A verbatim reproduction of the lines below, from the line containing "Men’s Solid Thermal" through the line containing "Maroon Chiffon Maxi: Branded Collection", both ends included, is the whole required output.

§ **SOURCE DATA**
━━━

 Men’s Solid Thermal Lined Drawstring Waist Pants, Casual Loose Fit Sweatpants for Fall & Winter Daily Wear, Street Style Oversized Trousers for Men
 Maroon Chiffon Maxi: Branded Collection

━━━

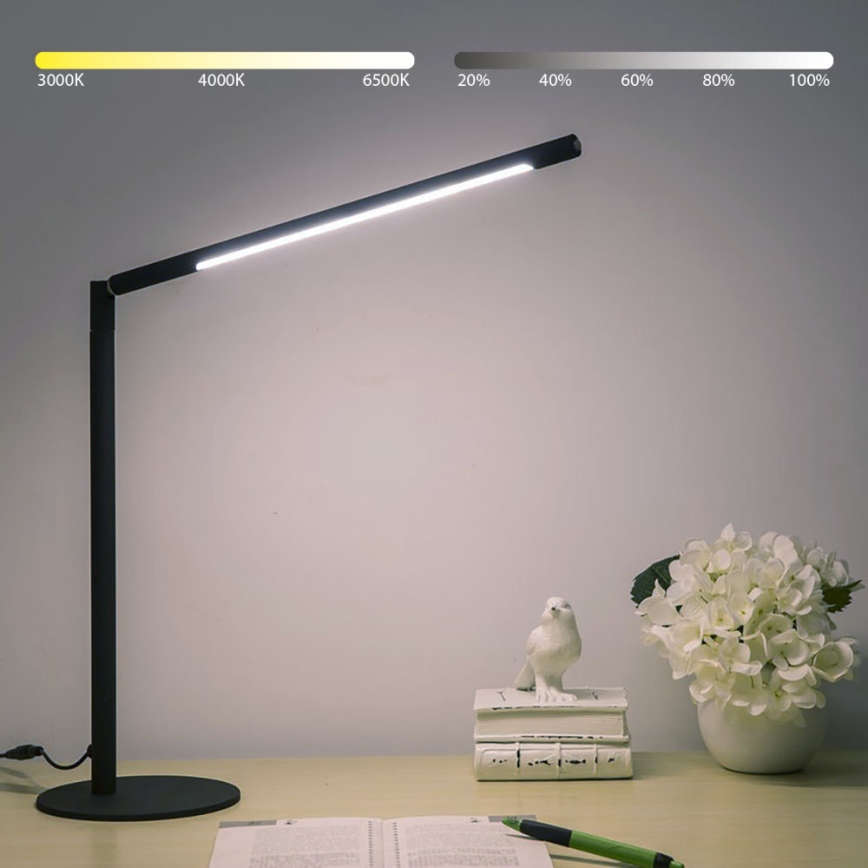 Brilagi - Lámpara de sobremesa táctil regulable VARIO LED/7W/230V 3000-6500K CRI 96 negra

━━━

§ **TASK RESPONSE**
 Men’s Solid Thermal Lined Drawstring Waist Pants, Casual Loose Fit Sweatpants for Fall & Winter Daily Wear, Street Style Oversized Trousers for Men
 Maroon Chiffon Maxi: Branded Collection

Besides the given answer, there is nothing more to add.